== Exercise input ==
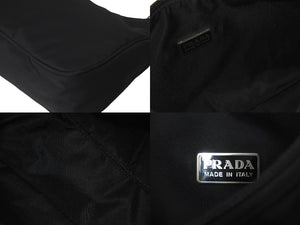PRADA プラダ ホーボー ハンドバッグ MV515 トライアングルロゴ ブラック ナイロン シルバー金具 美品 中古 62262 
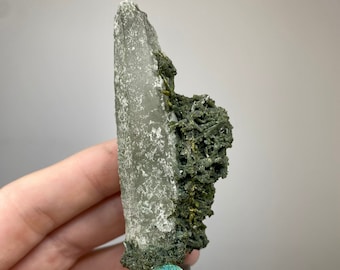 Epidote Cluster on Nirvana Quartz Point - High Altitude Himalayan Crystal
===
== Exercise input ==
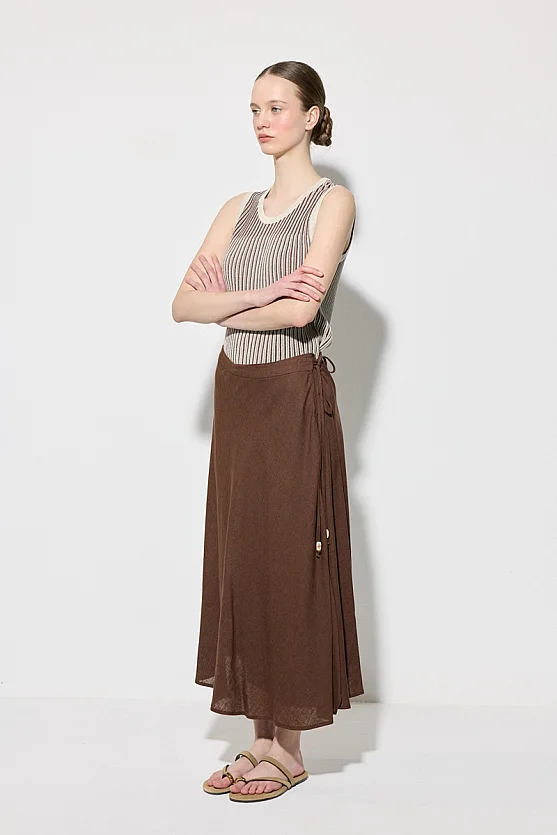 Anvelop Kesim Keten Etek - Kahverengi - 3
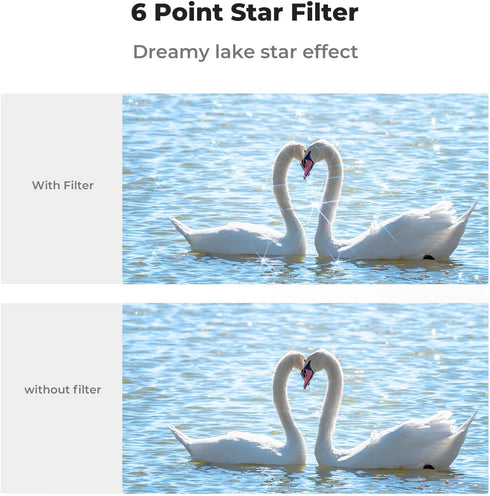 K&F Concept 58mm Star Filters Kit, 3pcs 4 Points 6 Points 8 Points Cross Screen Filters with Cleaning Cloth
===
__Your goal__:
Reproduce the lines above starting at the one with "Anvelop Kesim Keten Etek - Kahverengi - 3" and ending at the one with "K&F Concept 58mm", both included, exactly and with no pictures.

__Output below__:
 Anvelop Kesim Keten Etek - Kahverengi - 3
 K&F Concept 58mm Star Filters Kit, 3pcs 4 Points 6 Points 8 Points Cross Screen Filters with Cleaning Cloth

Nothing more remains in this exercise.